• Problem to solve: Return the listing below exactly. Leave its pictures out.

• Data provided:
-- Opening Marker --

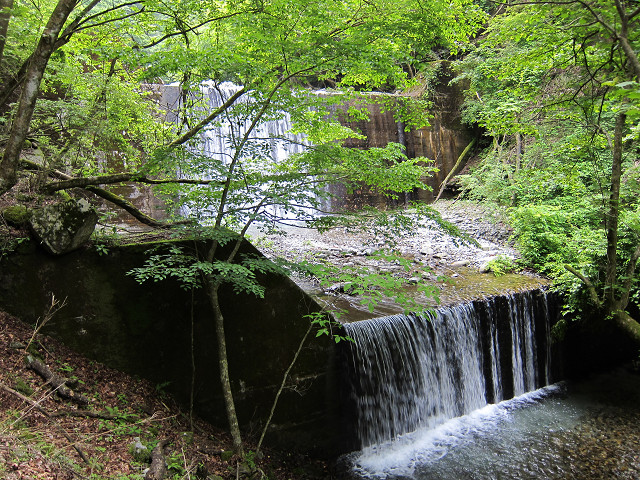 resize0091.jpg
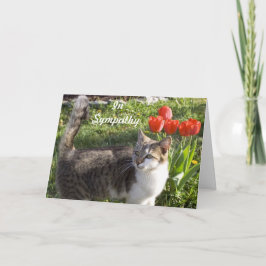 Kattensympathie met rode tulpen kaart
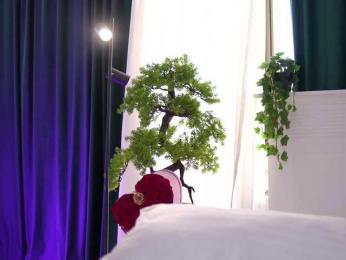 ArtTeasee — modelo de webcam en línea en bongacams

-- Closing Marker --

• Response box:
 resize0091.jpg
 Kattensympathie met rode tulpen kaart
 ArtTeasee — modelo de webcam en línea en bongacams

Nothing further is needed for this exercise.